死にゆくための民主主義・映画「蕨野行」 追悼 恩地日出夫監督

現代版棄老伝説としての福祉制度から当事者による人生の選択へ

 1月20日、映画監督の恩地日出夫さんが亡くなられたと知りました。恩地日出夫さんは東宝青春映画を代表する監督でしたが、テレビドラマでも活躍し、特にオープニング映像が話題となった「傷だらけの天使」の萩原健一、水谷豊をはじめ、若い俳優を育てた方でした。
 少し時間がたってしまいましたが、恩地日出夫さんが監督された「蕨野行(わらびのこう)」の箕面での上映会に関わったことがあり、追悼の思いを書かせていただきます。

 2003年に発表された「蕨野行(わらびのこう)」は、芥川賞作家・村田喜代子の同名小説を映画化したもので、構想から8年、山形で1年に及ぶ長期ロケを敢行した渾身の力作でした。
 江戸中期、ある地方の寒村、その村には隠された掟がありました。
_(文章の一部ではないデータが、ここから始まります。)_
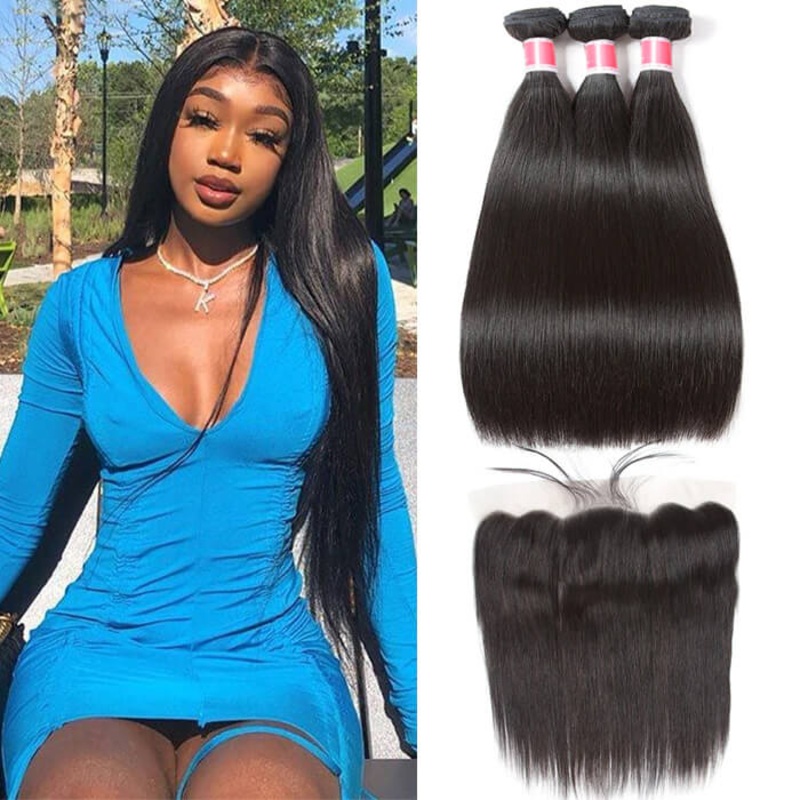 10″-30″ Brazilian Straight Virgin Hair Weave 3 Bundles With Lace Frontal 13×4 Ear To Ear 12 12 12+10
60歳を迎えた者は家を出て、人里離れた原野に移り住まなければならないのです。そこは蕨野と呼ばれ、老人たちは里へ下って村々の仕事を手伝うことでのみ、その日の糧を得ることができます。この過酷で理不尽な掟は、数年に一度必ず訪れる凶作を乗り切り、若い者の食料を確保するために定められた昔からの知恵なのでした。
 60歳になったら身分や貧富などのどんな条件もなく、老人たちはわが身を蕨野に捨てに行きます。体力のないものからひとりふたりと死んで行きます。その過酷な状況の中で、老人たちは不思議なコミューンをつくっていきます。
 死んでいくための厳しい共同生活なのに、なぜかしら老人たちの心が解放され、助け合って生きるさまや、正直でこっけいで美しく、生き生きとした姿が目に痛いほどの自然の美しさに溶けていきます。とても悲しい物語なのに、映画は観る者の心をぐっと突き上げ、深い感動を残してくれます。
 恩地さんの盟友でもあった市原悦子さんや石橋蓮司さんなどベテランの俳優が出演し、オーディションにより1200人の応募者から選ばれた清水美那さんがその瑞々しい演技力で山路ふみ子新人女優賞に輝きました。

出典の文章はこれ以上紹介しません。